When my father died, I watched death drift across his flushed face. All of you deal with the dead better in the mosque, after the person's spirit has been surrendered to heaven.
Yes, neighbor, that's the truth. My father's tears left me parched. My last image of him is the smile he granted me as if wishing to absolve me from some future sin.
The Diesel is a man, a woman, a singer, a dancer, a traveler. Born in an Arab country on the precipice of modernization--perhaps a place like the Emirates of author Thani al-Suwaidi--he grows up through transformations of many kinds. As he tells his story to the novel's silent audience, the muezzin of a mosque, he describes being raped by a "wayfarer" as a child, then watching his father fall from a boat and die. He dons women's clothes and becomes a singer in a women's ensemble, a role that allows for a fuller expression of his inner self (though the use of the pronoun "he" remains consistent.) The introduction describes the Diesel as "trans," and perhaps that's true, especially in a broader since of moving across identities and roles.

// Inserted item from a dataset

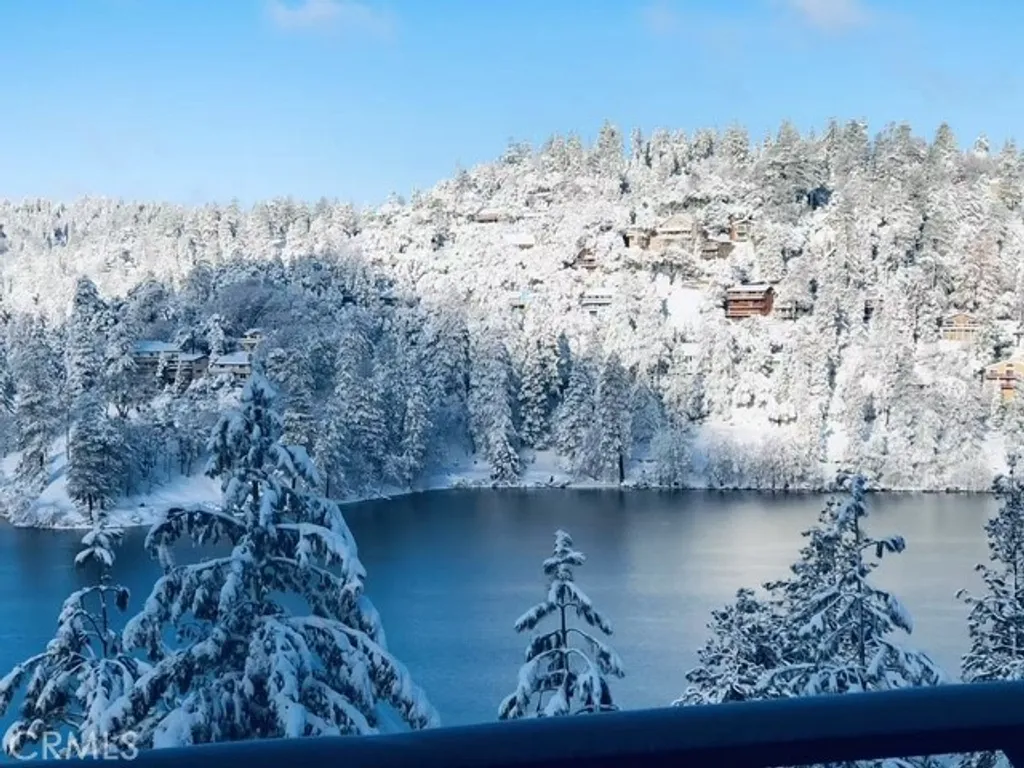 652 Arbula Dr, Crestline, CA 92325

It's this final role, as a singer and dancer, that the Diesel becomes famous, and it's in this artistic expression--both radical and, as I understand it, somewhat rooted in tradition--that gives him a way to be in the world.
The Diesel is part of my SHORT BOOK FEBRUARY project, and its slimness, along with its stream-of-consciousness and its bewildering imagery, gives it the air of a long prose poem. Indeed, Emirati author Thani al-Suwaidi is a poet, and this is a poet's novel. I didn't always find the images as arresting as I would have liked, and I often felt as if there were some cultural context I was missing, but I was interested in the ways that The Diesel navigates the demands of tradition, modernism, and subversiveness, three ideas that make, I think, a trio rather than a spectrum.

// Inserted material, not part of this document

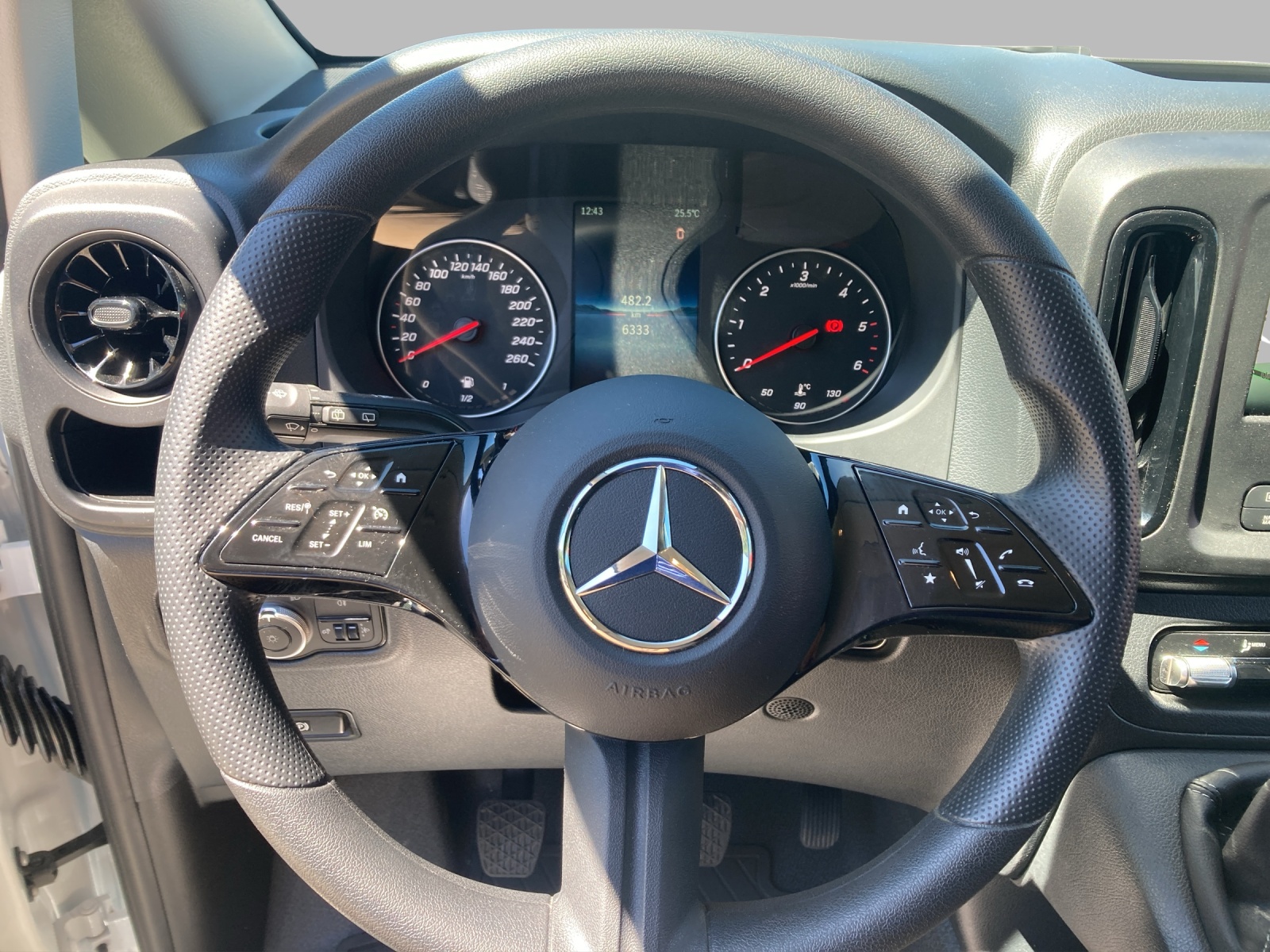 MERCEDES-BENZ Vito 116 CDI Lang Base-image-12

I found myself wondering about the name: is it a reference to the petroleum industry that launched the economy of once humble places like the U.A.E.? The Diesel reminisces on the first house in her village to be electrified; by the end of her tale, great electric cities have bloomed in the desert. It seemed to me that The Diesel, more than anything, is a meditation on a new Persian Gulf, one that has undergone tremendous transformations over the past fifty years. The Diesel, like the Gulf, goes through a number of transformations, and in doing so finds a way to his or her true self; does The Diesel suggest that the economic and political transformation of the Gulf is an opportunity to redefine one's self in relation to gender and sexuality, too? There is always something hopeful, I suppose, about a changing world, which even in the face of uncertainty holds a certain amount of promise, too.
This is the first book I've read from the United Arab Emirates, which means my "countries read" list is up to 84!